Mit dem Richtlinienvorschlag wird ein Mindestharmonisierungsansatz verfolgt, wodurch „es Klägern im Fall eines durch KI-Systeme verursachten Schadens“ ermöglichen soll „sich auf günstigere Vorschriften des nationalen Rechts zu berufen“ (Erwägungsgrund 15).[14] Weiters soll die vorgeschlagene Richtlinie quasi nur bestimmte ergänzende Regelungen in Bezug auf die bestehenden Haftungssysteme für die zivilrechtliche (nicht strafrechtliche), verschuldensabhängige, außervertragliche Haftung für durch KI-Systeme verursachten Schäden einführen.[15] In Bezug auf entsprechende Verschuldenshaftungen hält Erwägungsgrund 3 im Allgemeinen auch Folgendes fest, was gewissermaßen als Ausgangsbasis zu sehen ist:
„Wenn ein Geschädigter für einen entstandenen Schaden Schadensersatz verlangt, so muss er nach den allgemeinen Vorschriften der Mitgliedstaaten für die verschuldensabhängige Haftung in der Regel eine fahrlässige oder vorsätzliche schädigende Handlung oder Unterlassung („Verschulden“) der Person, die potenziell für diesen Schaden haftbar ist, sowie einen ursächlichen Zusammenhang zwischen diesem Verschulden und dem betreffenden Schaden nachweisen.“ (Hervorhebungen hinzugefügt)

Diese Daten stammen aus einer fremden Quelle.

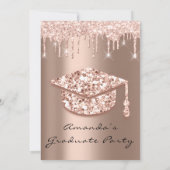Invitation Rose Gold Casquette 3D Glamy (Dos)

Der eingeschränkte Anwendungsbereich wird konkret insbesondere durch Artikel 1 sowie die Definition von Schadenersatzansprüchen, auf die sich die Richtlinie beziehen soll (Artikel 2 Ziffer 5), umgesetzt. Diese Defintion umfasst demach: „einen außervertraglichen verschuldensabhängigen zivilrechtlichen Anspruch auf Ersatz des Schadens, der durch ein Ergebnis eines KI-Systems oder aber dadurch, dass dieses System das von ihm erwartete Ergebnis nicht hervorgebracht hat, verursacht wurde“.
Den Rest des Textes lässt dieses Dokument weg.